++++ DATA FOR ANALYSIS ++++
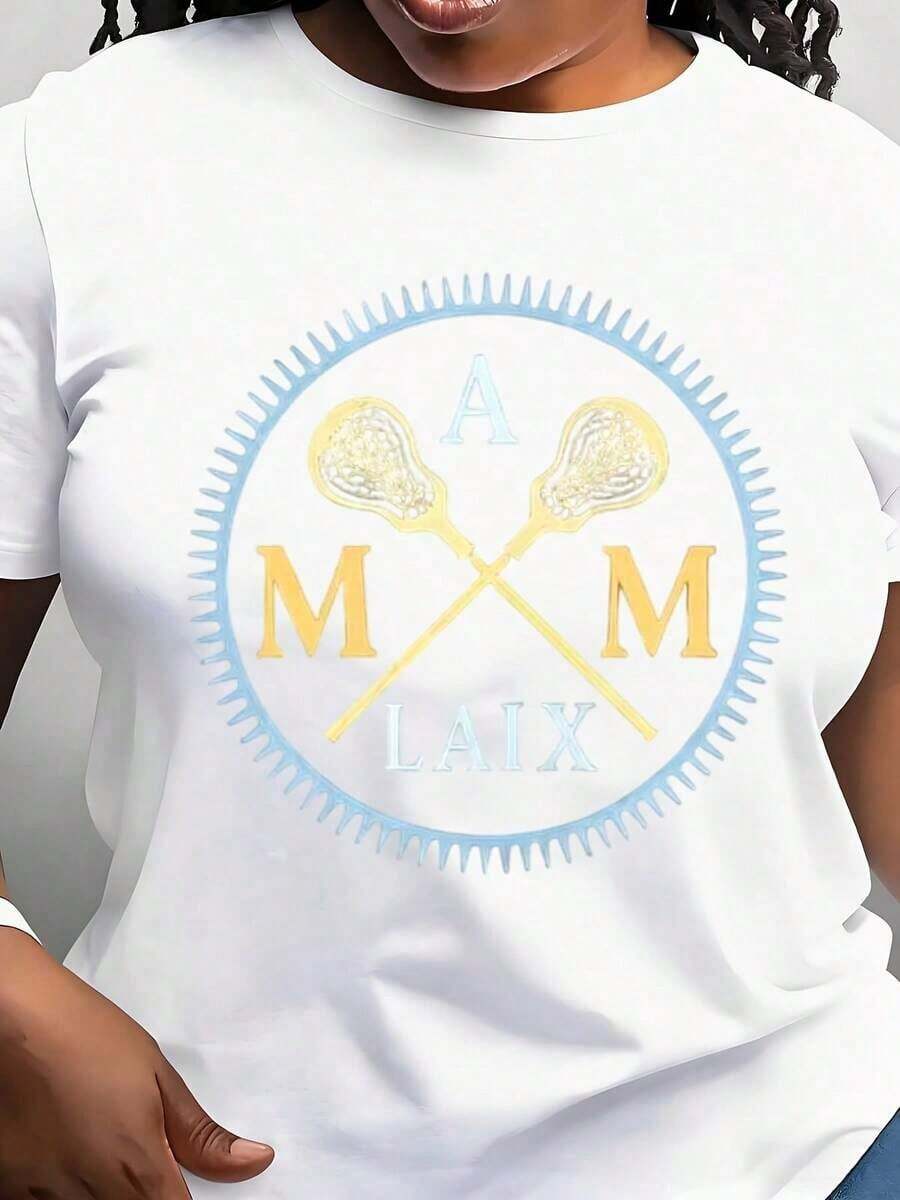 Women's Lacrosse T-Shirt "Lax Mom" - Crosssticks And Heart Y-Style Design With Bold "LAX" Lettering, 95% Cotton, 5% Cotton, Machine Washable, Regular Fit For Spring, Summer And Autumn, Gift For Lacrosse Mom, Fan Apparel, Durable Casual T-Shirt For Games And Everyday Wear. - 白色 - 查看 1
++++
++++ DATA FOR ANALYSIS ++++
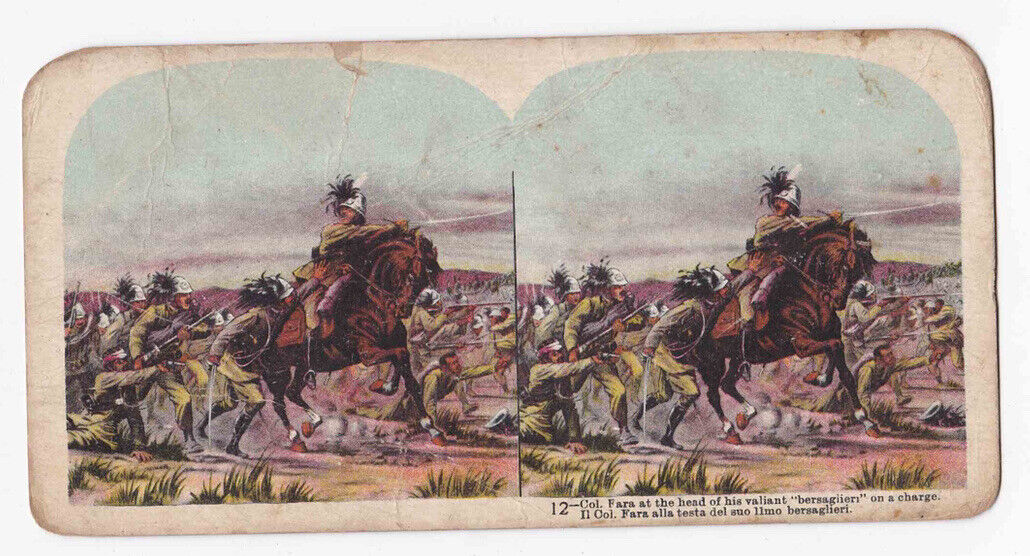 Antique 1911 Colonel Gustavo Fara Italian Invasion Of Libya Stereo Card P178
++++
++++ DATA FOR ANALYSIS ++++
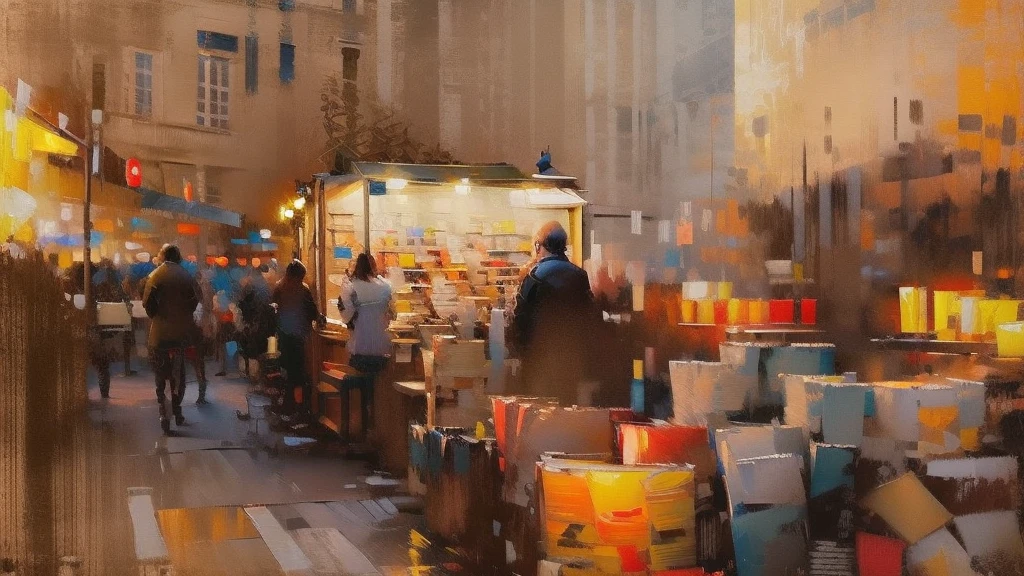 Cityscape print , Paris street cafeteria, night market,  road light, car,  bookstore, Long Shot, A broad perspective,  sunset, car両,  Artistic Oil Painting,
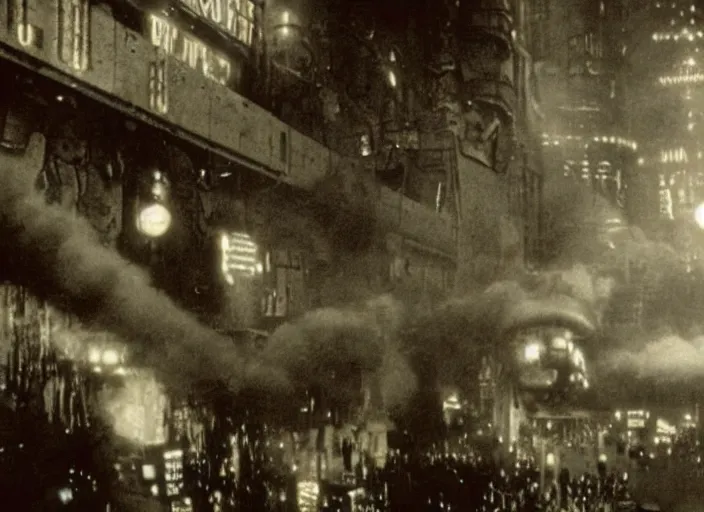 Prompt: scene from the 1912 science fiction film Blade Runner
++++
DIRECTIONS FOR THIS TASK >>
Please output the lines above beginning at the line with "Cityscape print , Paris" and ending after the line with "Prompt: scene from", precisely as written and with no pictures.

THE COMPLETED TASK >>
 Cityscape print , Paris street cafeteria, night market,  road light, car,  bookstore, Long Shot, A broad perspective,  sunset, car両,  Artistic Oil Painting,
 Prompt: scene from the 1912 science fiction film Blade Runner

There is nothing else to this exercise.